• [Materials provided]
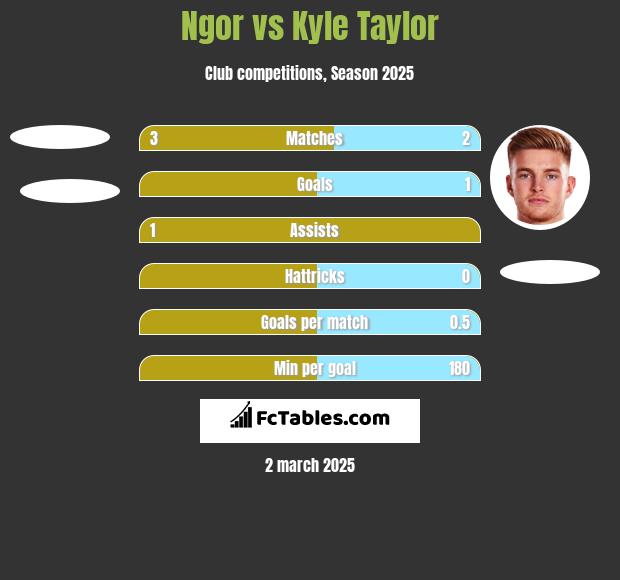 Ngor vs Kyle Taylor h2h player stats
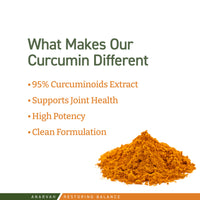 Anarvah Curcumin 500mg how to use - 1 capsule daily with meals for joint and immunity support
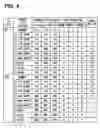 Fig. 05 - Drive device for a brushless motor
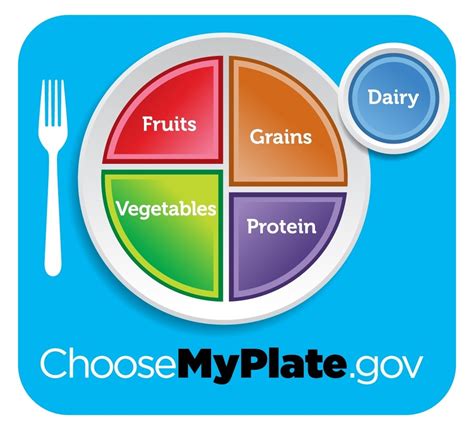 Healthy Eating Plate Vs Usdas Myplate The Nutrition Source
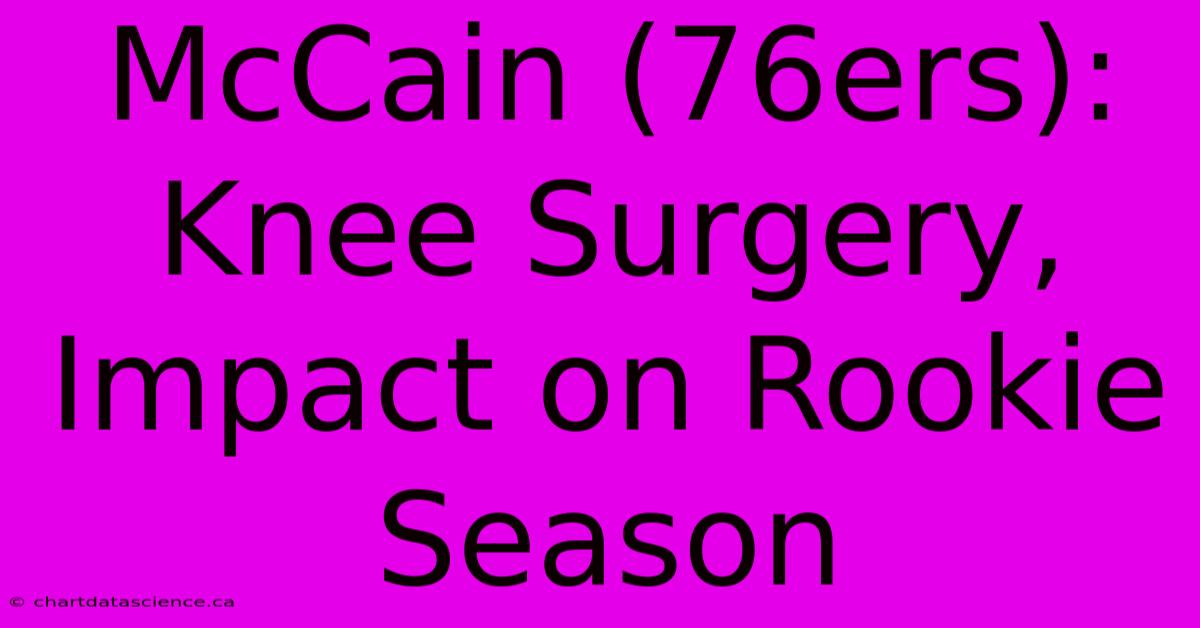 McCain (76ers): Knee Surgery, Impact On Rookie Season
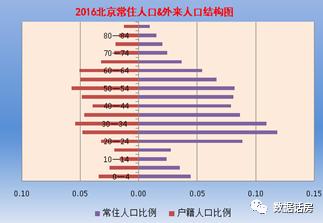 人口增长率计算公式_增长率计算公式(3)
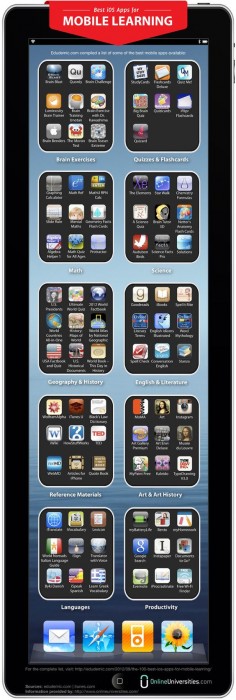 A good roundup of apps for education on mobile learning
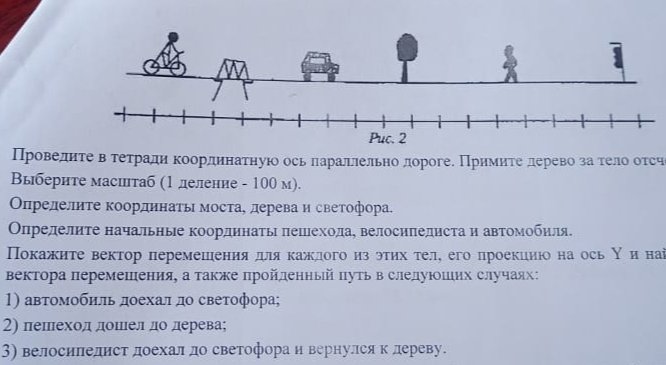 Нарисуйте в тетради тело м и изобразите в масштабе вектор силы действующей на тело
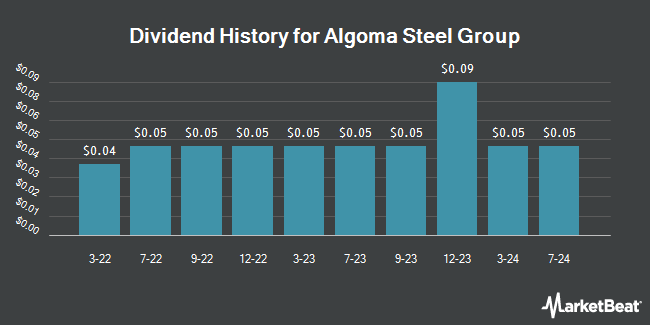 Dividend History for Algoma Steel Group (NASDAQ:ASTL)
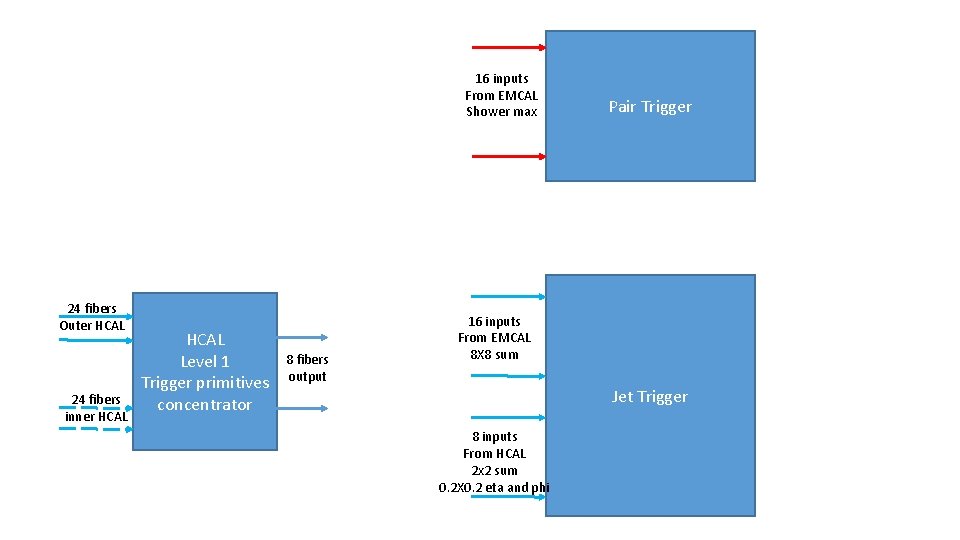 16 inputs From EMCAL Shower max 24 fibers Outer HCAL 24 fibers inner HCAL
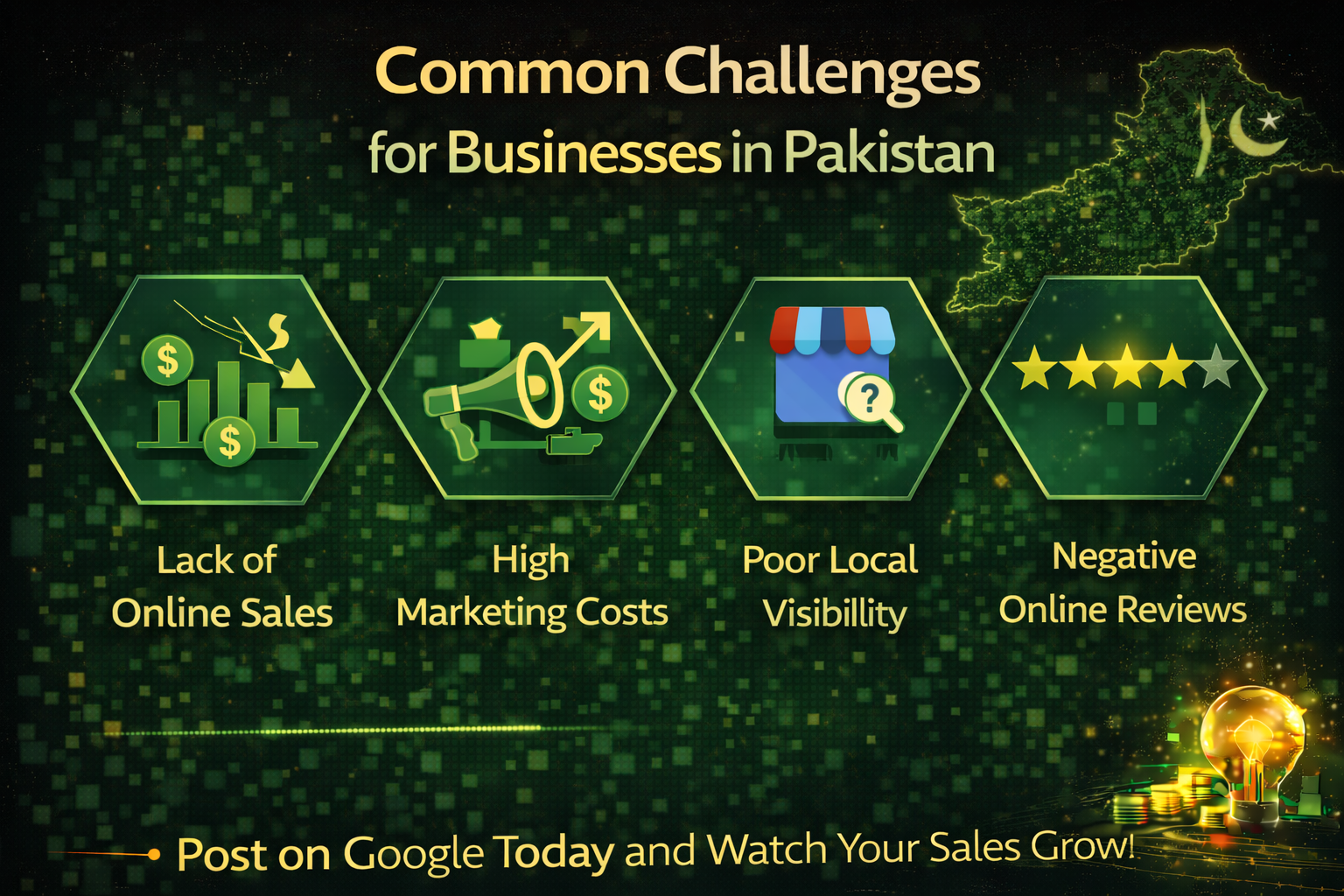 Google Business Profile Pakistan: The Ultimate Optimization 3 google business profile pakistan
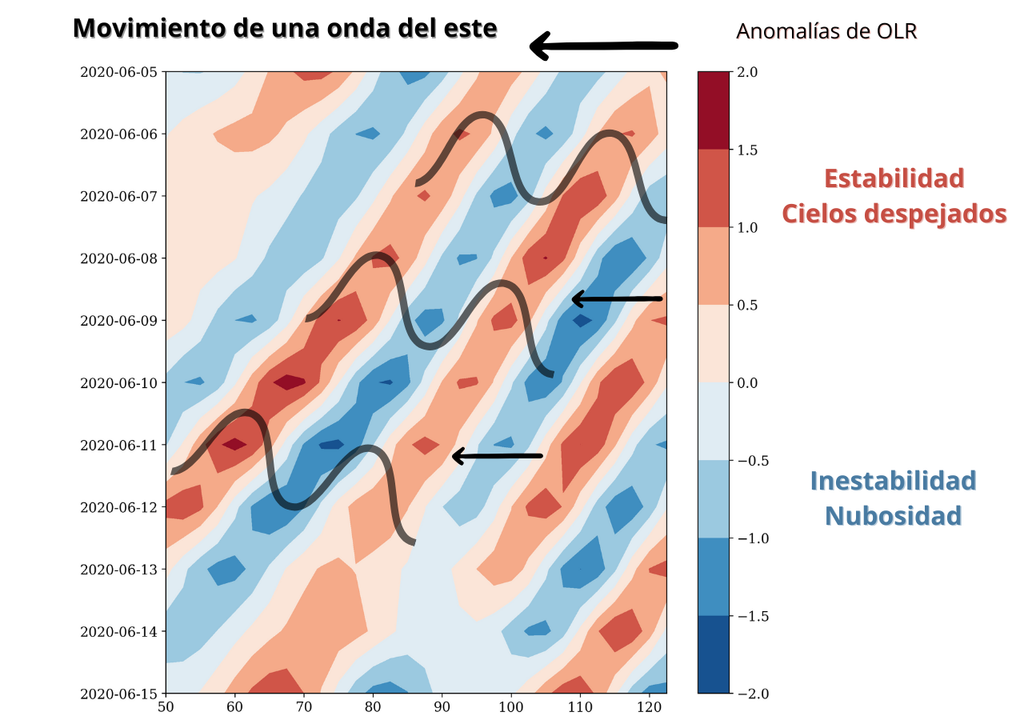 onda tropical; lluvias; ciclones; huracan; alisios; dinamica onda tropical; lluvias; ciclones; huracan; alisios; dinamica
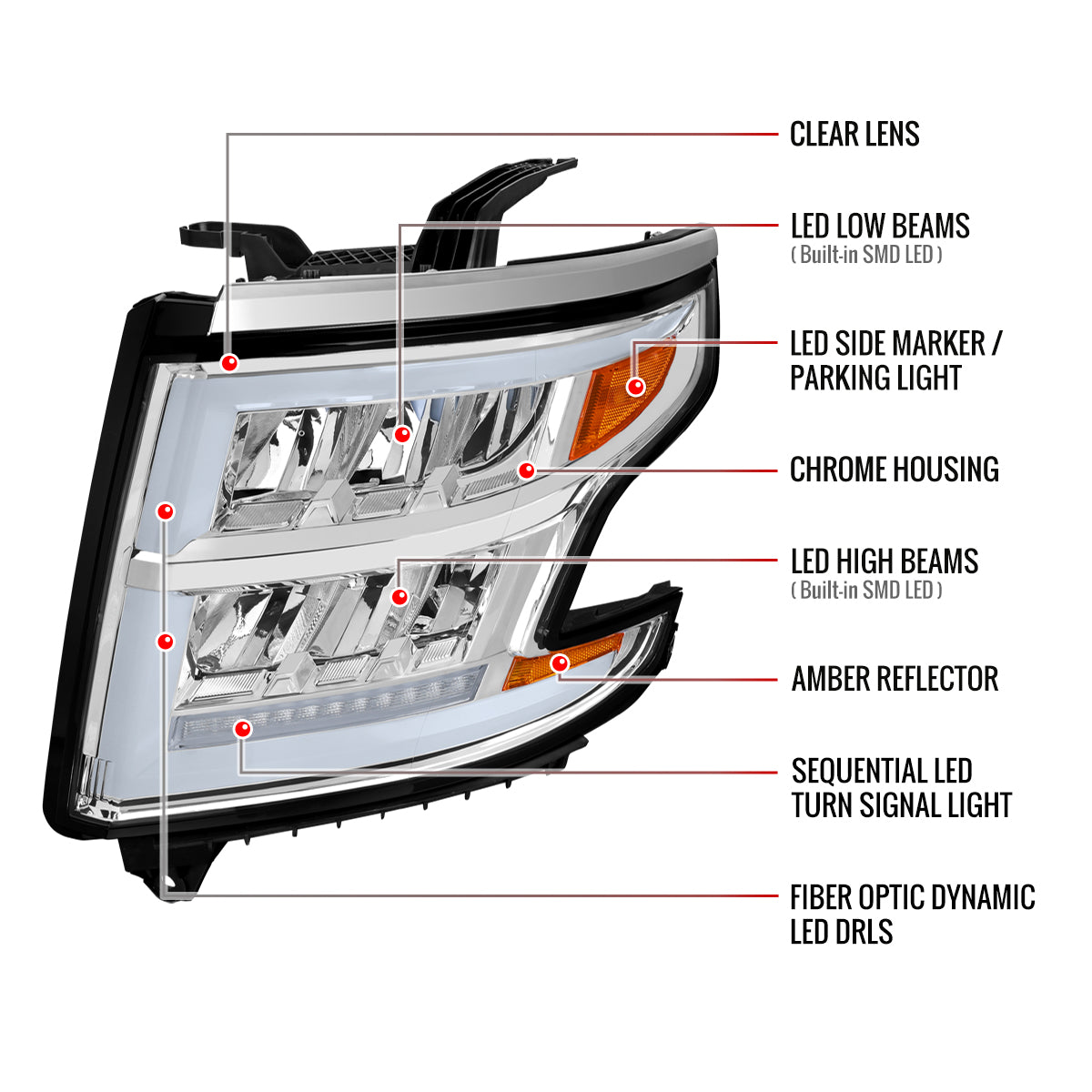 Spec-D 15-20 Chevy Tahoe Suburban Headlights Sequential Chrome/Clear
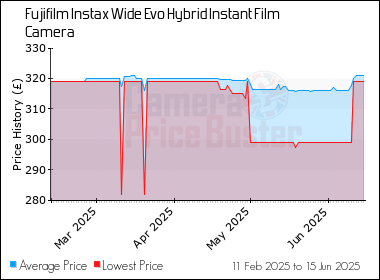 Best Price History for the Fujifilm Instax Wide Evo Hybrid Instant Film Camera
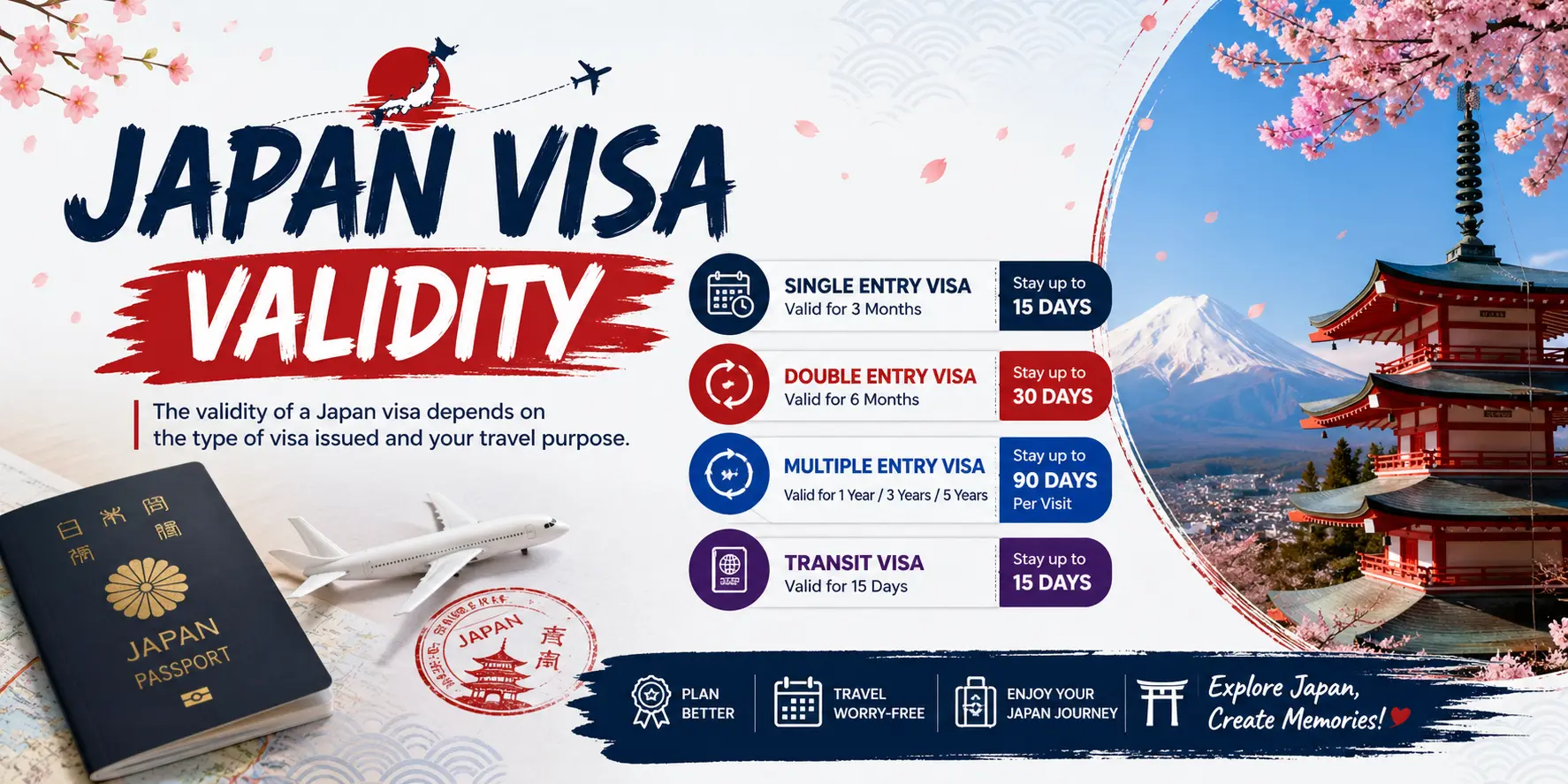 Japan Visa Validity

• [What needs to be done]
Once more, please print all the lines above exactly, without their pictures.

• [Output for this exercise]
 Ngor vs Kyle Taylor h2h player stats
 Anarvah Curcumin 500mg how to use - 1 capsule daily with meals for joint and immunity support
 Fig. 05 - Drive device for a brushless motor
 Healthy Eating Plate Vs Usdas Myplate The Nutrition Source
 McCain (76ers): Knee Surgery, Impact On Rookie Season
 人口增长率计算公式_增长率计算公式(3)
 A good roundup of apps for education on mobile learning
 Нарисуйте в тетради тело м и изобразите в масштабе вектор силы действующей на тело
 Dividend History for Algoma Steel Group (NASDAQ:ASTL)
 16 inputs From EMCAL Shower max 24 fibers Outer HCAL 24 fibers inner HCAL
 Google Business Profile Pakistan: The Ultimate Optimization 3 google business profile pakistan
 onda tropical; lluvias; ciclones; huracan; alisios; dinamica onda tropical; lluvias; ciclones; huracan; alisios; dinamica
 Spec-D 15-20 Chevy Tahoe Suburban Headlights Sequential Chrome/Clear
 Best Price History for the Fujifilm Instax Wide Evo Hybrid Instant Film Camera
 Japan Visa Validity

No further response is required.